Which matters more - how you are personally positioned, or what you get done?

Sometimes popular wisdom would tell you personal positioning truly matters. Who you know, what they think about you, how much "face time" you get, are you networked... but while this strategy may be effective in some large or political companies, it's death in a fast moving, apolitical one.

I define politics in the office as any person, or behavior, that puts their personal interest in front of the company's interest. When you're growing fast, and making a thousand decisions every day, there simply is not room for people's self interest if it's not aligned with the company's. But the learned behaviors, from larger political organizations, still hang around with new employees until we stop them.

Behaviors like obfuscation of the details - let me make broad statements as if I know what I'm talking about to shut you down, but I don't actually have the details to solve the problem. Or CYA - let me tell you why the problem I am bringing to your attention is a result of something that happened before I had the job to solve it. Or the "Well everything's all effed up so I'm the hero for trying to fix it". Or the eye roll when describing someone else's problem. All behaviors designed to position the source as superior and not responsible for whatever problem you are tackling.

But in a rapidly moving company, I want my staff to be responsible. Even if it is effed up, and the fire was burning before you arrived. Personal positioning is just a waste of my time.

A customer is unhappy. Bring me specifics. This happened. I think the issue is A or B. I've formed a small team to get to the bottom of it. We'll tell you if/when you need to speak with the customer.

A release is late. Tell me what and why. This piece of code took longer than we expected to deliver, or that piece is unstable and we need two more weeks to test it. We'll come to you if we need more time or resource to solve it.

To the point, specific, centered on action and resolution.

And blame is simply not helpful. Things go wrong some times and individuals are to blame. But the time for blame (if there is ever a time) is after the problem has been solved and then in a post mortem. Bring the team that failed in a situation together and debug what went wrong - with no blame. That allows you to make sure it doesn't happen again.

I have a friend who, early on in his career, proudly called himself the vice president of personal positioning. He had it down to an art form. He was smart, articulate, good looking and senior management loved him. This served him well for a while. Then he came to work for me and I called him on his BS, repeatedly, until he figured out he was capped until he solved real problems.

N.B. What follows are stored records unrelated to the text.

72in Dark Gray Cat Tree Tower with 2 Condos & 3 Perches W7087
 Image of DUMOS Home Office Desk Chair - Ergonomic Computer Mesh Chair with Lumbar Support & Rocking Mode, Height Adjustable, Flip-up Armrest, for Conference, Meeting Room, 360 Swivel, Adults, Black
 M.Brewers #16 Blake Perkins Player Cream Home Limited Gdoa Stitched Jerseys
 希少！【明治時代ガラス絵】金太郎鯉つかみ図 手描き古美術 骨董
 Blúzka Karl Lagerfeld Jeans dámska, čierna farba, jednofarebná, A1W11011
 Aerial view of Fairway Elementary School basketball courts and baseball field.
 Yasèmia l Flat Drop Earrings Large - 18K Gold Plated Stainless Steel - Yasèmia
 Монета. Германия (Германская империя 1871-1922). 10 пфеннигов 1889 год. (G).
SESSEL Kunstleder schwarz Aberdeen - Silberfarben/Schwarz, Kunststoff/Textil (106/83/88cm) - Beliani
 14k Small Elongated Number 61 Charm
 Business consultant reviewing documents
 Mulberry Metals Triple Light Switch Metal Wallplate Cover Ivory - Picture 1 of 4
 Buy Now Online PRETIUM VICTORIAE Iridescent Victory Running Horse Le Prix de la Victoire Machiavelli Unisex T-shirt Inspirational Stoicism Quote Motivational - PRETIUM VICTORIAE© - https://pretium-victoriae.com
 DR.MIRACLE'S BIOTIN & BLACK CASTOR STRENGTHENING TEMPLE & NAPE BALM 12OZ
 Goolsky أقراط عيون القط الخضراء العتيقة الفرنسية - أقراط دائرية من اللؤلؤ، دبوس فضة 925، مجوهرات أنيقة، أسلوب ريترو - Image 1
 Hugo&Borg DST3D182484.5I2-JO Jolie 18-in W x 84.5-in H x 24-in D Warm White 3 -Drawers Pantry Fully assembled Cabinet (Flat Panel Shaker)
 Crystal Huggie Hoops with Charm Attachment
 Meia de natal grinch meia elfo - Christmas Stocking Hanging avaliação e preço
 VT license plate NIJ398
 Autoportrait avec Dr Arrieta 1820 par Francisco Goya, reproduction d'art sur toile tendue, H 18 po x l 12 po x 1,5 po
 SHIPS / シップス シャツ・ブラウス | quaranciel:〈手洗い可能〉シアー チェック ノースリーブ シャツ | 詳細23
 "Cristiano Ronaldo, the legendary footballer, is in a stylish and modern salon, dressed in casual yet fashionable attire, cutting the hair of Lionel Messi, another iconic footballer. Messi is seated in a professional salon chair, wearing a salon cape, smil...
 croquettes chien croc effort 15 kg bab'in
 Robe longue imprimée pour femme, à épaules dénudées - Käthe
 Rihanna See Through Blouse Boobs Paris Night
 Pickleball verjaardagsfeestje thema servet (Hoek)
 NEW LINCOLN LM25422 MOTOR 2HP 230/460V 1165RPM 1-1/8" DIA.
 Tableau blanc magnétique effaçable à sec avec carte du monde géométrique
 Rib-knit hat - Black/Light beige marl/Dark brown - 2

Because he's smart he stopped it, and is now an SVP at a large enterprise software company.

People who are repeatedly successful, across multiple companies, figure this out. They focus on action. On creating solutions, solving problems, helping others. Despite the number of blogs written that say you should manage your brand, and how you are perceived, the truth is power accumulates to the people who know what to do and how to get it done (See my post about Pfeffer's books on Power if you are not familiar with this concept). Not people with friends. Not people who know how to network. It accumulates to people who know what to do and how to get it done. Period.

So if you find yourself worrying about your personal positioning, yes, you're human, but put it aside and set about solving the problem you're faced with.

Thursday, April 3, 2014

Feelin' Sorry for the Ladies

Guest post from Tom Bentley, board director at Rambus, Nanometrics and Cortina, former investment banker, and one who loves to stir it up!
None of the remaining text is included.